Agents need to know what a tool does to the world before calling it. Descriptions should go beyond structured annotations to explain consequences.

Conciseness5/5

Is the description appropriately sized, front-loaded, and free of redundancy?

The description is a single, efficient sentence that front-loads the core purpose with helpful examples. There is no wasted text, making it highly concise and well-structured for quick understanding.

Shorter descriptions cost fewer tokens and are easier for agents to parse. Every sentence should earn its place.

Completeness2/5

Given the tool's complexity, does the description cover enough for an agent to succeed on first attempt?
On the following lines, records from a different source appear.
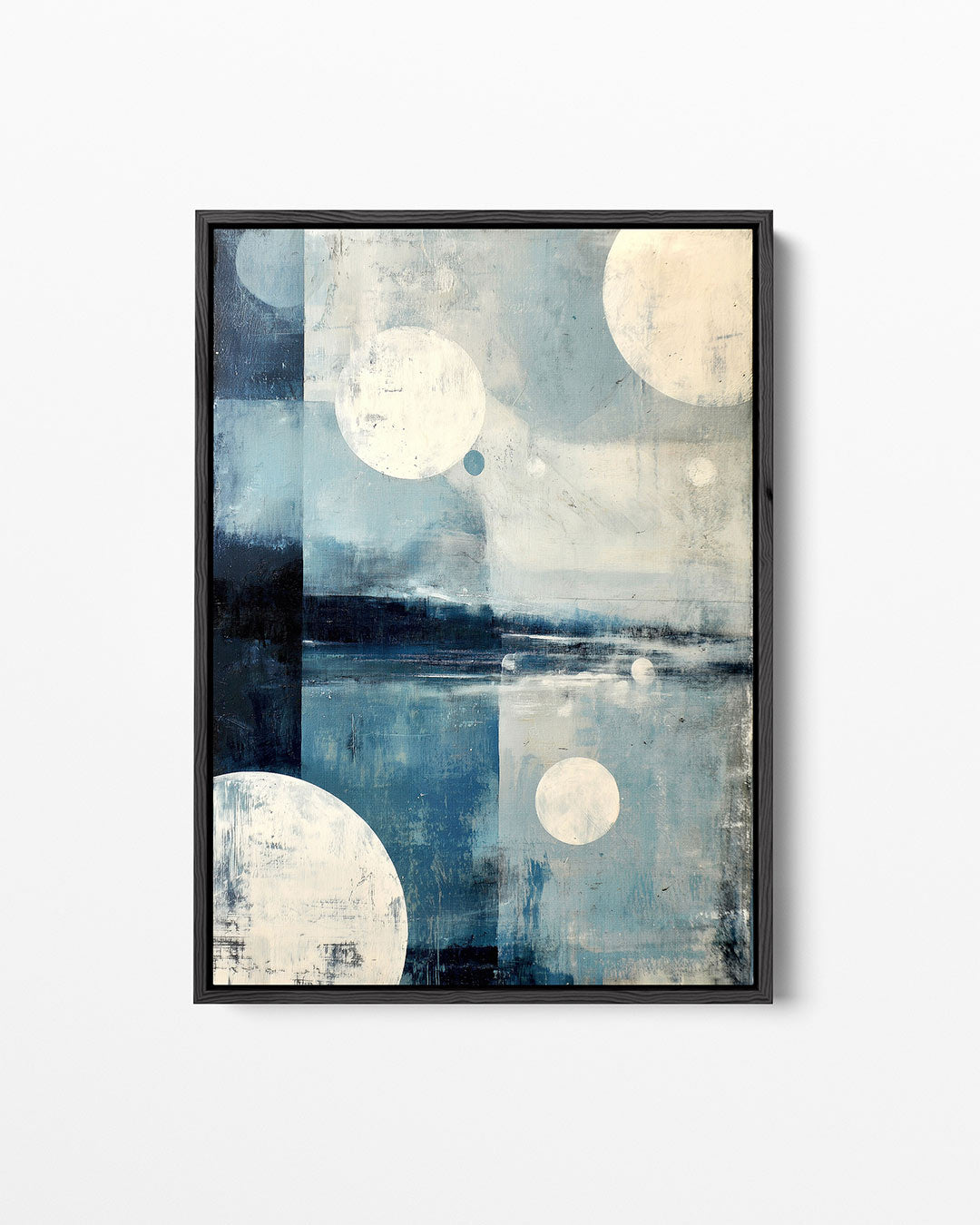 Geometrische vormen Kunstwerk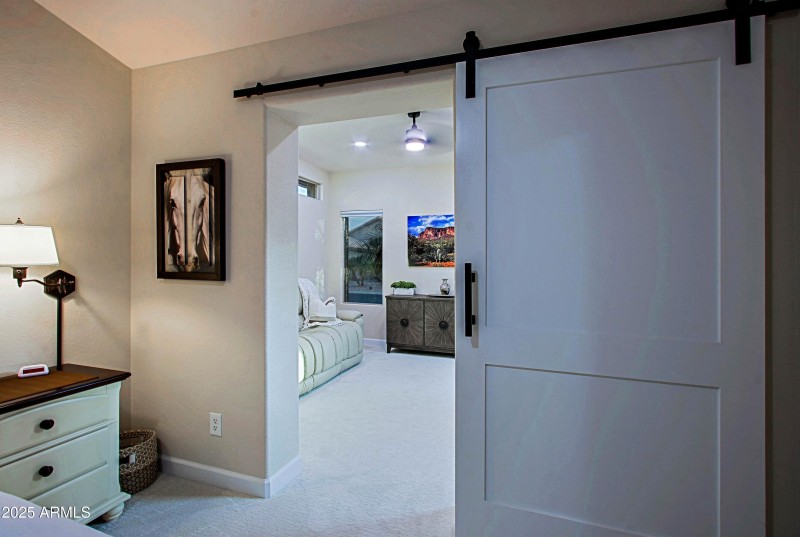 Executive Suite Living Room 1 - Entrance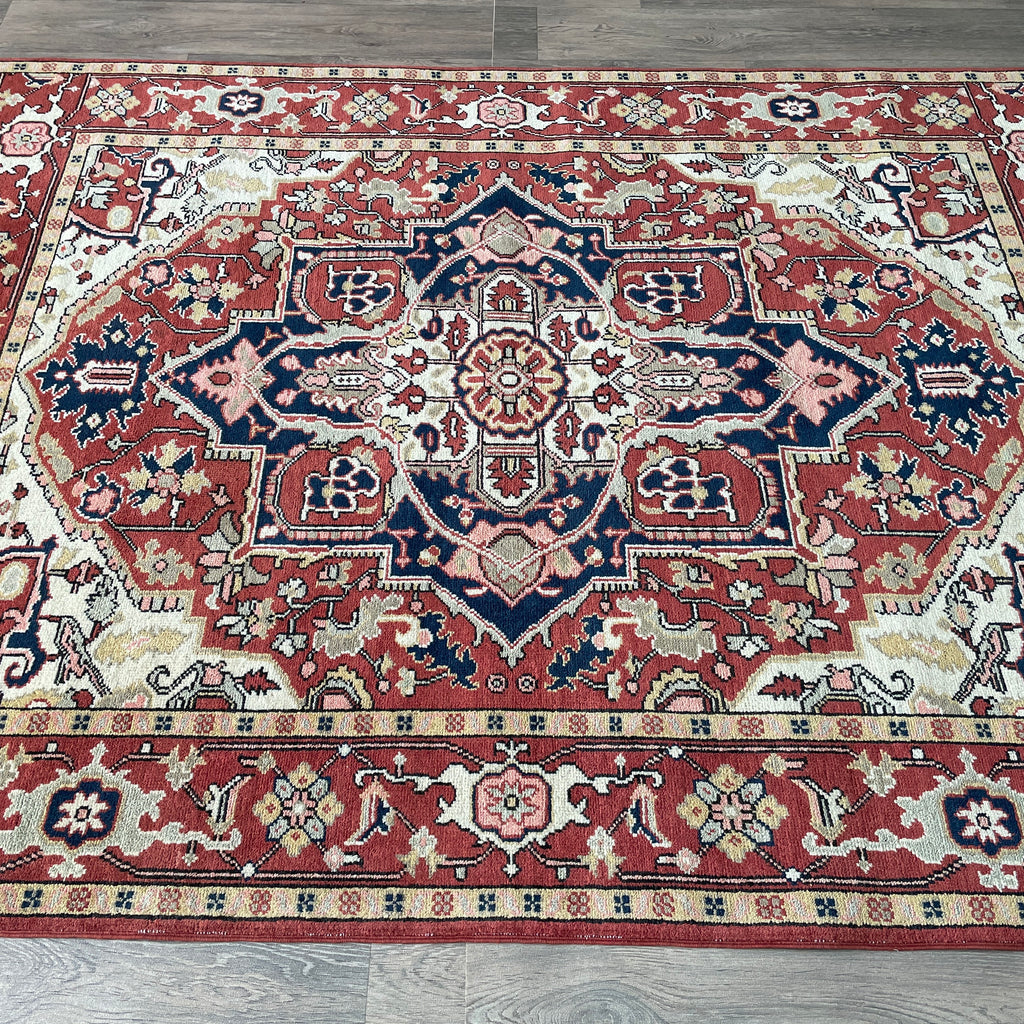 Persian Heriz Rug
Given the complexity of querying contract roles on a blockchain (Voi), the description is incomplete. With no annotations and no output schema, it lacks details on behavioral traits, return values, or error cases. The description alone doesn't provide enough context for an agent to use the tool effectively beyond basic parameter input.

Complex tools with many parameters or behaviors need more documentation. Simple tools need less. This dimension scales expectations accordingly.

Parameters3/5

Does the description clarify parameter syntax, constraints, interactions, or defaults beyond what the schema provides?

The schema description coverage is 100%, with the parameter 'appId' fully documented in the schema as 'Application ID on Voi'. The description adds no additional parameter semantics beyond what the schema provides, such as format examples or constraints, so it meets the baseline score of 3.

Input schemas describe structure but not intent. Descriptions should explain non-obvious parameter relationships and valid value ranges.

Purpose4/5

Does the description clearly state what the tool does and how it differs from similar tools?

The description clearly states the action ('Get') and the target ('role and purpose of a specific contract on Voi'), with examples like 'liquidity-pool, bridge, registry' that help distinguish it from siblings like 'get_protocol' or 'identify_application'. However, it doesn't explicitly differentiate from all siblings, such as 'identify_asset' or 'resolve_name', which might also involve contract-related queries.

Agents choose between tools based on descriptions. A clear purpose with a specific verb and resource helps agents select the right tool.

Usage Guidelines2/5

Does the description explain when to use this tool, when not to, or what alternatives exist?

The description provides no guidance on when to use this tool versus alternatives. It mentions examples of contract roles but doesn't specify prerequisites, exclusions, or direct comparisons to sibling tools like 'get_protocol_contracts' or 'identify_application', leaving the agent to infer usage context.

Agents often have multiple tools that could apply. Explicit usage guidance like "use X instead of Y when Z" prevents misuse.